Yes, that’s the big difference between Sonarr and Sickbeard (&forks) that is somewhat difficult to grasp for ppl coming from SB.

On develop we actually have indexer backoff logic implemented that automatically ignores an indexer for a period of time when it errors out. At the same time I also implemented logic that fetches multiple pages of the rss feed, trying to catch up, up to 24h. However, dog doesn’t support multiple pages, sadly.
My recommendation would be not to rely on Dog alone, and accept that it doesn’t work 100%.

Doing periodic backlog searches is way too heavy for the indexer. It’s also pointless 99.99% of the time if your indexer operates properly.
This is not something we will ever implement and strongly encourage ppl not to write any scripts to force this.

At the moment with default settings Sonarr consumes 98 api calls a day on the rsssync, regardless of how many series you have. This can be reduced to 24 with the recent changes on develop, or maybe 12 (if your USP doesn’t get dmcaed to quickly).
This stands in stark contrast with the thousand api calls a backlog search for a dozen series would consume.

On Usenet you have on average maybe 6 pages of rss data per day. (25 releases per hour, on average)
So on average you need 6 api calls, daily, if you weren’t affected by takedowns.

To circle back to Dog, why do you think dog api server is having issues, all those thousands of apps hammering it with the same bloody query over and over again?

In any case, get a secondary indexer if you haven’t already.

Hi,
Thanks for your quick feedback Talbott.
My messages goal was not to criticize sonarr philosophy at all.
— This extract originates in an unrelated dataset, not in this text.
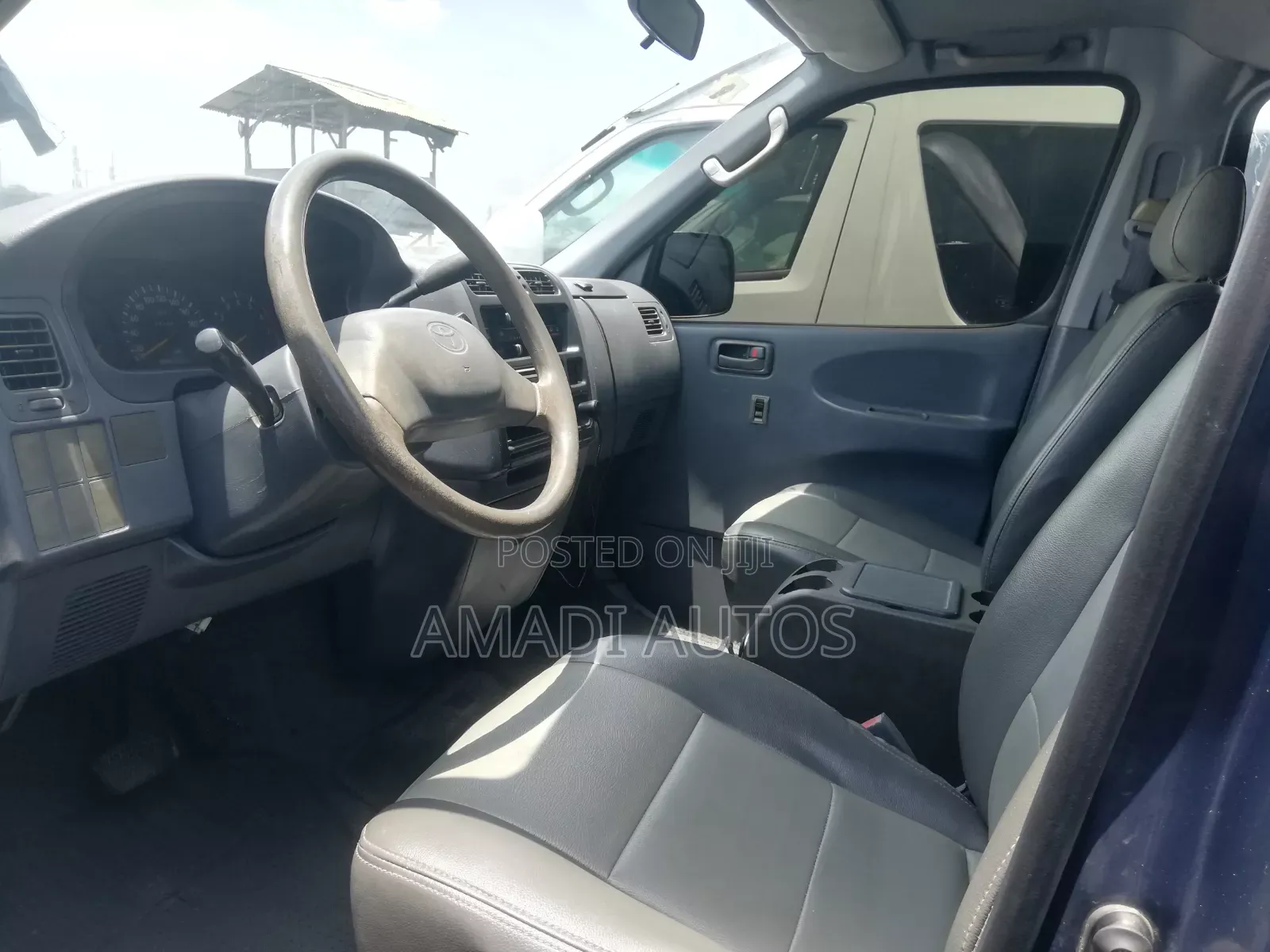 Toyota HiAce 2007 Blue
I agree with you, I think that it is the good philosophy.
I took a look in my sonarr history, and most of the time (I can’t say all the time , I did not take a deep look enough) all the new references is coming from DOGnzb…
This seems to confirm that the sonarr philosophy is the good one!!!

However, I think that when adding a new indexer it would be nice to have the possibility launch the “Search all missing” process on this new indexer specifically.
Today I add nzb.su indexer, then I launch the “Search all missing” proces and it found and downloaded the full season 2 of Hawai five-0 (in french) on nzb.su

Anyway, I just sugest new feature, it is just a proposition…

Rest assured, I didn’t take it at criticism. I just wanted to make clear why we’re opposed to full backlog searches.

Searching after adding an indexer is possible, I just don’t think it’s worth the effort to implement it.